Aucun chasseur amateur ne se dénonce
Des chasseurs amateurs ont retrouvé le chien grièvement blessé à 650 mètres des tueurs de faune sauvage postés les plus proches. Le propriétaire du chien ayant droit légalement à une indemnisation financière, aucun chasseur amateur n'a volontairement admis être responsable de la mort du chien.
Lors d'une opération d'urgence, le vétérinaire a cependant trouvé des poils de sanglier dans la plaie du chien. Cela laissait supposer que la balle avait d'abord touché un sanglier avant d'atteindre le chien.
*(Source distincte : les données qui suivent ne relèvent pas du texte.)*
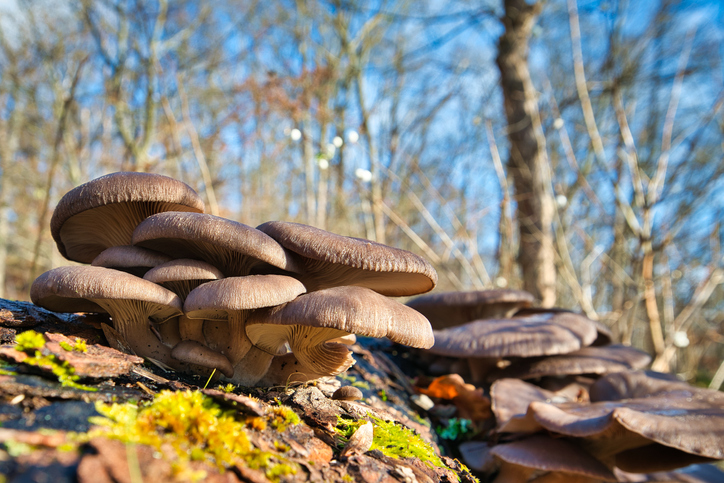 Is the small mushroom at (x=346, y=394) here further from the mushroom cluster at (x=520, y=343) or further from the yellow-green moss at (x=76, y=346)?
the mushroom cluster at (x=520, y=343)

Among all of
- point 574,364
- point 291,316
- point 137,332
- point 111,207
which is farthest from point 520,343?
point 111,207

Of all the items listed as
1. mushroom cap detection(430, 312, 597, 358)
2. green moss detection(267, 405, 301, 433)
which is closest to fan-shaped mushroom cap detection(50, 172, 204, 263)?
green moss detection(267, 405, 301, 433)

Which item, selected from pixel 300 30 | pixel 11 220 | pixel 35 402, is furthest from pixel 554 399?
pixel 11 220

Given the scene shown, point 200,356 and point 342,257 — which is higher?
point 342,257

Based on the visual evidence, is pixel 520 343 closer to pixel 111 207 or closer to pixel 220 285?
pixel 220 285

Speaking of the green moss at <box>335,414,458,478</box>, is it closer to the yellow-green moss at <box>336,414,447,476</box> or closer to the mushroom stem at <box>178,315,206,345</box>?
the yellow-green moss at <box>336,414,447,476</box>

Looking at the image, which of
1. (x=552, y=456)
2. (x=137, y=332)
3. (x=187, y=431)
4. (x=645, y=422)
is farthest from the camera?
(x=552, y=456)

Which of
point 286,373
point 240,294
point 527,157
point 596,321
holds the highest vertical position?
point 527,157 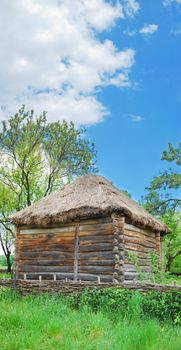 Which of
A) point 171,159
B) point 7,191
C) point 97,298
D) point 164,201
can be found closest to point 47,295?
point 97,298

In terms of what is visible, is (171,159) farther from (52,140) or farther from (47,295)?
(47,295)

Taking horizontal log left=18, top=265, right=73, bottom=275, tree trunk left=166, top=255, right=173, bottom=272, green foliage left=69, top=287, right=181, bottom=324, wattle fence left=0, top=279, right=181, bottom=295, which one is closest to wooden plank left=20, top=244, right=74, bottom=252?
horizontal log left=18, top=265, right=73, bottom=275

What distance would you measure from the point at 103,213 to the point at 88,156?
15710 millimetres

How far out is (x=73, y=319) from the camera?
8.00m

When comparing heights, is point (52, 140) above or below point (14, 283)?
above

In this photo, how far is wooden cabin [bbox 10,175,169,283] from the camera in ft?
46.9

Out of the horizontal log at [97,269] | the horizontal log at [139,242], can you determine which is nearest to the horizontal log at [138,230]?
the horizontal log at [139,242]

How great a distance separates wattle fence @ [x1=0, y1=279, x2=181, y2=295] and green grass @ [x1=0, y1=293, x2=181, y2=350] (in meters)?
0.96

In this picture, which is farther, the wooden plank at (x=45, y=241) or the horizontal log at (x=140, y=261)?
the wooden plank at (x=45, y=241)

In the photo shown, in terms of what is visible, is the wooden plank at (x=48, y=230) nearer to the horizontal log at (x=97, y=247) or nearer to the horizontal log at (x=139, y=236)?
the horizontal log at (x=97, y=247)

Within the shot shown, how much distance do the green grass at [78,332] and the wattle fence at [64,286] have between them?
Result: 0.96 m

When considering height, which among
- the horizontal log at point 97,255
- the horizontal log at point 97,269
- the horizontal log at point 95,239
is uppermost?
the horizontal log at point 95,239

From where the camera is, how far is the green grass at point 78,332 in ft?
21.7

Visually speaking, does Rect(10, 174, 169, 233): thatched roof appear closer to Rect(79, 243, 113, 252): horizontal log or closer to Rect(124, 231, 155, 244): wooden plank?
Result: Rect(124, 231, 155, 244): wooden plank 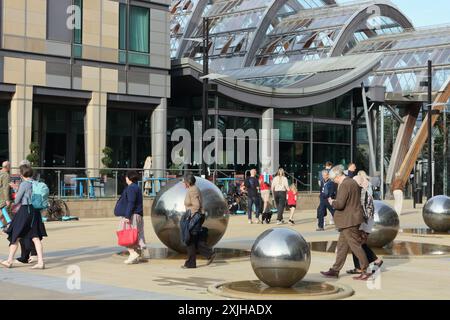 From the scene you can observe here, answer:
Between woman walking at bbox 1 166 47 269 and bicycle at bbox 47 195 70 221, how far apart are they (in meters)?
13.7

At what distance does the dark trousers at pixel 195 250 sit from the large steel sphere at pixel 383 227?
4.55 m

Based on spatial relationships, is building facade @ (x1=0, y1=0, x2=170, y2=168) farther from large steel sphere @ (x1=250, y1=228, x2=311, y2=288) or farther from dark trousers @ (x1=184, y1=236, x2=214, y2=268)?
large steel sphere @ (x1=250, y1=228, x2=311, y2=288)

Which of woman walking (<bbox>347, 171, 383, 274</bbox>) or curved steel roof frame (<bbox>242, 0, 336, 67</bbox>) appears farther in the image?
curved steel roof frame (<bbox>242, 0, 336, 67</bbox>)

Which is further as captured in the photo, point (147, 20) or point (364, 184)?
point (147, 20)

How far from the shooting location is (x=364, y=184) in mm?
13789

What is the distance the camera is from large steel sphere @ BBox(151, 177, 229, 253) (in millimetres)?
15195

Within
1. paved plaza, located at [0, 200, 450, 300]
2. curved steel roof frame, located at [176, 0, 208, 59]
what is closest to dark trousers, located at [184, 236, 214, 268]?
paved plaza, located at [0, 200, 450, 300]

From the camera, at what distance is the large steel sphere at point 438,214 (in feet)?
71.6

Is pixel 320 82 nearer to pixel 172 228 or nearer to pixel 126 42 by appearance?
pixel 126 42

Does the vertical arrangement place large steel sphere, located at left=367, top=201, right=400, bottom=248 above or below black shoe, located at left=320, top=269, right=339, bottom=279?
above

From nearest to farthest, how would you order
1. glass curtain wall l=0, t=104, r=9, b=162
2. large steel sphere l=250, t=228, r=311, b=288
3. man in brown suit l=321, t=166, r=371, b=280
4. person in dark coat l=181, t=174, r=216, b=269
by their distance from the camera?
1. large steel sphere l=250, t=228, r=311, b=288
2. man in brown suit l=321, t=166, r=371, b=280
3. person in dark coat l=181, t=174, r=216, b=269
4. glass curtain wall l=0, t=104, r=9, b=162

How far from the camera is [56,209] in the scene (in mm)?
27609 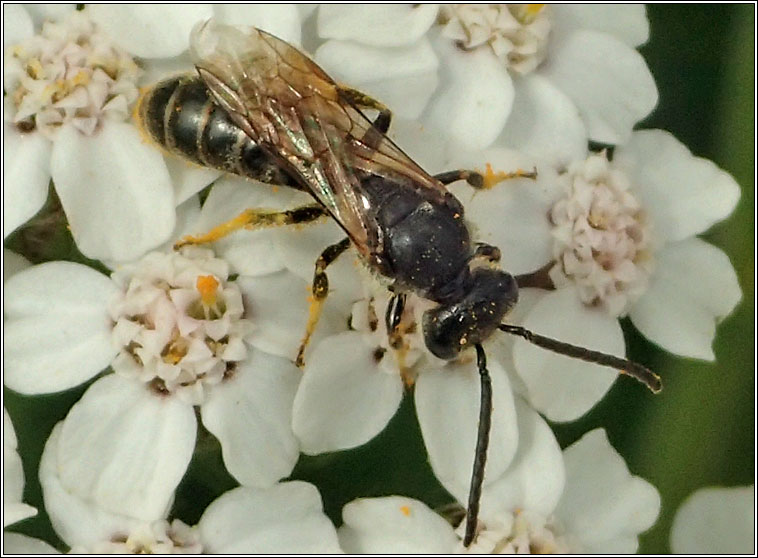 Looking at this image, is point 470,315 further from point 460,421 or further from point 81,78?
point 81,78

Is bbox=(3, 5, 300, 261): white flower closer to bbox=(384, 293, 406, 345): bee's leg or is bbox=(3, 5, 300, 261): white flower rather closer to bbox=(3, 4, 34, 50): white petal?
bbox=(3, 4, 34, 50): white petal

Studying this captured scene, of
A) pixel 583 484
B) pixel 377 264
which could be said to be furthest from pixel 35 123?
pixel 583 484

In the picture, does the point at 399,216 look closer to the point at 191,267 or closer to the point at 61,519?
the point at 191,267

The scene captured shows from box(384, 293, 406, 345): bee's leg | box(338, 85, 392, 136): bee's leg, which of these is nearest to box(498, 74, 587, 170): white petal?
box(338, 85, 392, 136): bee's leg

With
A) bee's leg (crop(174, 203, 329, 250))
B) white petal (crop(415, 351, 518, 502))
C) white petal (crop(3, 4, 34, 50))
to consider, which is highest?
white petal (crop(3, 4, 34, 50))

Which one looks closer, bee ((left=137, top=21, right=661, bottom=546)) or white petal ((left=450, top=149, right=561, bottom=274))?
bee ((left=137, top=21, right=661, bottom=546))

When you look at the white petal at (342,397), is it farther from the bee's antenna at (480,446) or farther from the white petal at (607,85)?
the white petal at (607,85) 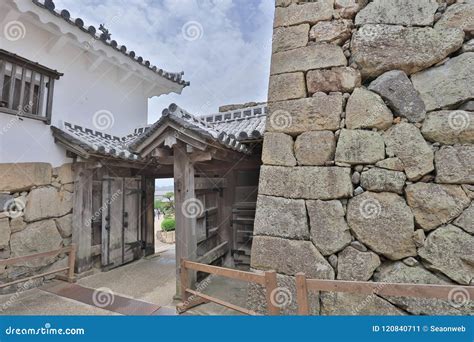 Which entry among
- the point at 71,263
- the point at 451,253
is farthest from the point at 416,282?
the point at 71,263

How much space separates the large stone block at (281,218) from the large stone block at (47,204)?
4270 mm

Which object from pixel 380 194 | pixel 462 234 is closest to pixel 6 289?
pixel 380 194

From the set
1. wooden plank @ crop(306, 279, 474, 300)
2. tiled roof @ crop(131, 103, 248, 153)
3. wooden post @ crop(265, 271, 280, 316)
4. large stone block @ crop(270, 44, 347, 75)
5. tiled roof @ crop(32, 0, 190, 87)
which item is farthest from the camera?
tiled roof @ crop(32, 0, 190, 87)

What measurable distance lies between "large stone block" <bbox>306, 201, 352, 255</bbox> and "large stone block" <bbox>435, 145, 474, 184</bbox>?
2.96 feet

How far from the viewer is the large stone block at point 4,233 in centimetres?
395

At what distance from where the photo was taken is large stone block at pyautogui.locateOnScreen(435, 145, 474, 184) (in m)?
2.12

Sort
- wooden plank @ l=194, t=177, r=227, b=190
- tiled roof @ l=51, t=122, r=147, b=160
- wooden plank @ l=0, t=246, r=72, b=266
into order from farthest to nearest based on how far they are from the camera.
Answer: tiled roof @ l=51, t=122, r=147, b=160 < wooden plank @ l=194, t=177, r=227, b=190 < wooden plank @ l=0, t=246, r=72, b=266

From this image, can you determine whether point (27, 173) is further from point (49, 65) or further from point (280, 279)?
point (280, 279)

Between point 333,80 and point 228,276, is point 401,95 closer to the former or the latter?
point 333,80

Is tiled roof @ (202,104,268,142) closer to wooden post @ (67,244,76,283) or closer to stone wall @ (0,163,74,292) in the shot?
stone wall @ (0,163,74,292)

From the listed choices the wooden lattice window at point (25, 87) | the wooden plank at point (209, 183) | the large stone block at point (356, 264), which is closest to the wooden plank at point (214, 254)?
the wooden plank at point (209, 183)

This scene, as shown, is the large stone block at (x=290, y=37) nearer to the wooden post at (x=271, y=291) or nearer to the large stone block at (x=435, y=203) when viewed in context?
the large stone block at (x=435, y=203)

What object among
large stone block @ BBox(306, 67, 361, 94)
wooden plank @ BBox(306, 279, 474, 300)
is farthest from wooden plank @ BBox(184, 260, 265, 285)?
large stone block @ BBox(306, 67, 361, 94)

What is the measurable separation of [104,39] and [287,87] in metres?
4.58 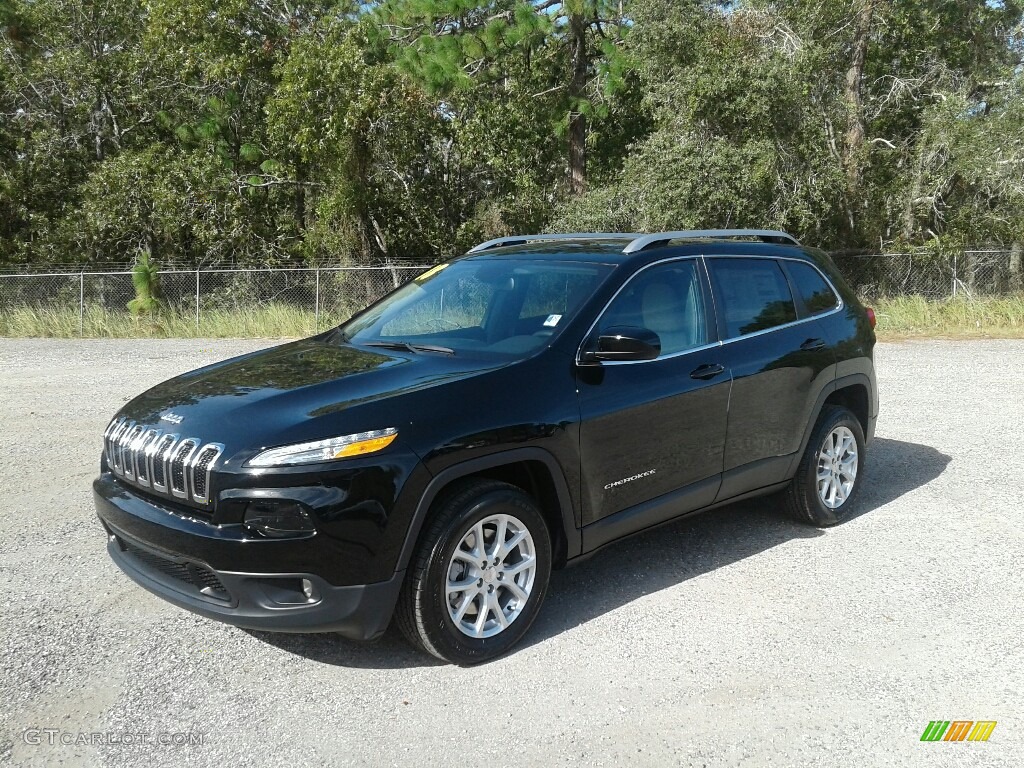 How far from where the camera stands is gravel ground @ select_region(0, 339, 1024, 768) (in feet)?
11.0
Une étude de recherche innovante décrit comment des techniques novatrices ont été utilisées.
Identifier le responsable grâce au profilage génétique
Les chercheurs ont collecté les poils de sanglier ainsi que des échantillons musculaires provenant des 19 sangliers abattus ce jour-là. Ils ont pu faire correspondre avec succès l'échantillon d'ADN des poils avec l'un des 19 échantillons de tissus de sanglier — avec une certitude de 99,97 %.
Un potentiel pour la poursuite des crimes contre la faune sauvage
À l'instar des affaires impliquant des humains, le profilage génétique individuel peut constituer un outil puissant dans la criminalistique de la faune sauvage pour l'élucidation des crimes contre la faune sauvage.